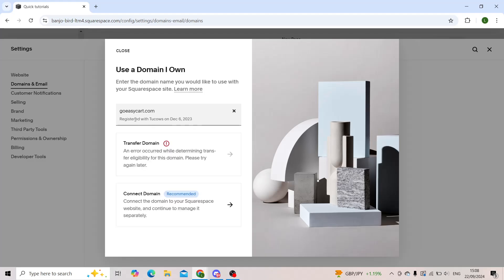As you can see, it is registered on December 6th, 2023. For you, you'll say with Wix because it works with all of the platforms.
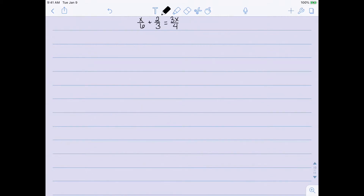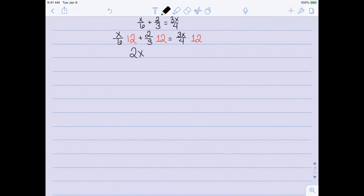Let's do one more example. This time I have x over 6 plus 2 thirds equal to 3x plus 4. One of the things we can do in step 1 is multiply through by the least common denominator to clear the fractions. The least common denominator here is 12, so I'm going to multiply everything by 12. x over 6 times 12 gives 2x; 2 thirds times 12 is 8; and 3 fourths times 12 is 9, so on the right-hand side I have 9x. This makes the problem a lot easier — I no longer have to deal with fractions.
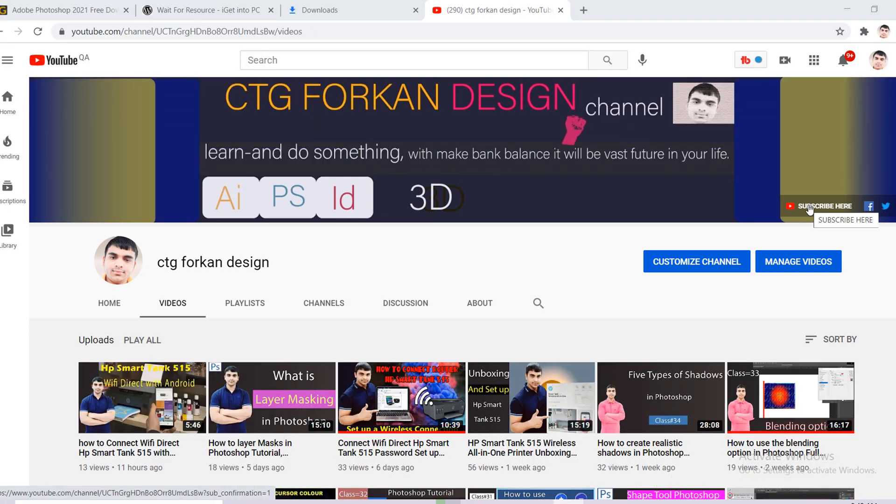Hello guys, I'm a professional graphics designer. Welcome to CTG Forkan Design YouTube channel. Today, I would like to show you how to increase your computer PC speed.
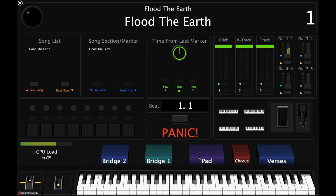I'm going to go ahead and play through the song now to give you a demonstration of how all this flows. Intro.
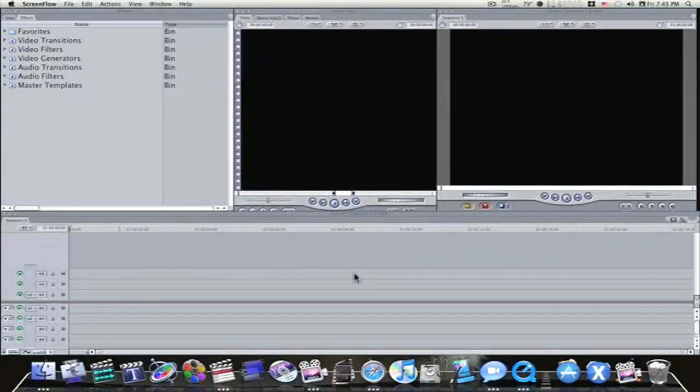This is Eric from Final Cut Studio School, and I had a question about traveling LumaMats in Final Cut Pro, so this is a quick tip to show you all what those are all about.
::::
▶ **THE TASK**
Each line above is to be copied exactly, and the pictures are to be dropped.

▶ **WRITTEN SOLUTION**
As you can see, it is registered on December 6th, 2023. For you, you'll say with Wix because it works with all of the platforms.
Let's do one more example. This time I have x over 6 plus 2 thirds equal to 3x plus 4. One of the things we can do in step 1 is multiply through by the least common denominator to clear the fractions. The least common denominator here is 12, so I'm going to multiply everything by 12. x over 6 times 12 gives 2x; 2 thirds times 12 is 8; and 3 fourths times 12 is 9, so on the right-hand side I have 9x. This makes the problem a lot easier — I no longer have to deal with fractions.
Hello guys, I'm a professional graphics designer. Welcome to CTG Forkan Design YouTube channel. Today, I would like to show you how to increase your computer PC speed.
I'm going to go ahead and play through the song now to give you a demonstration of how all this flows. Intro.
This is Eric from Final Cut Studio School, and I had a question about traveling LumaMats in Final Cut Pro, so this is a quick tip to show you all what those are all about.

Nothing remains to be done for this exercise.